Exercise instructions |
Only the lines from the one that contains "X0000113231249200909100936" to the last line below, both included, should be transcribed. Pictures stay out of the copy.
──────── Extracted records
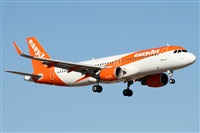 Alfonso Sols - Asociacin Canary Islands Spotting. Click to see full size photo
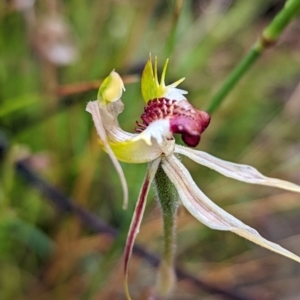 Caladenia parva at Tennent, ACT - suppressed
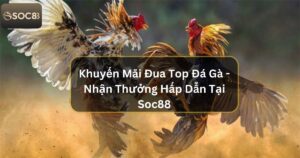 Khuyến Mãi Đua Top Đá Gà - Nhận Thưởng Hấp Dẫn Tại Soc88 1 Khuyến Mãi Đua Top Đá Gà - Nhận Thưởng Hấp Dẫn Tại Soc88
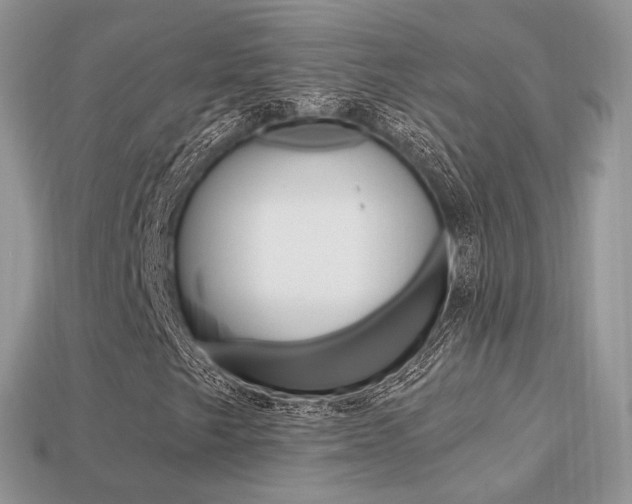 X0000113231249200909100936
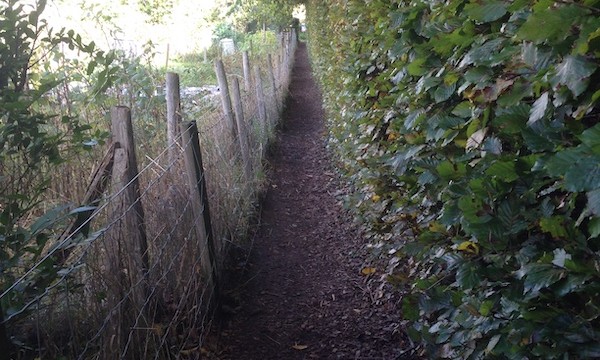...and along a narrow (hedgy) alleyway...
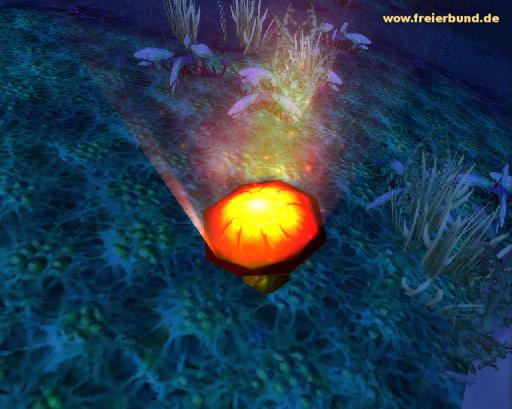 Glühkappe (Glowcap) Quest-Gegenstand WoW World of Warcraft  2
────────────────
Written solution |
 X0000113231249200909100936
...and along a narrow (hedgy) alleyway...
 Glühkappe (Glowcap) Quest-Gegenstand WoW World of Warcraft  2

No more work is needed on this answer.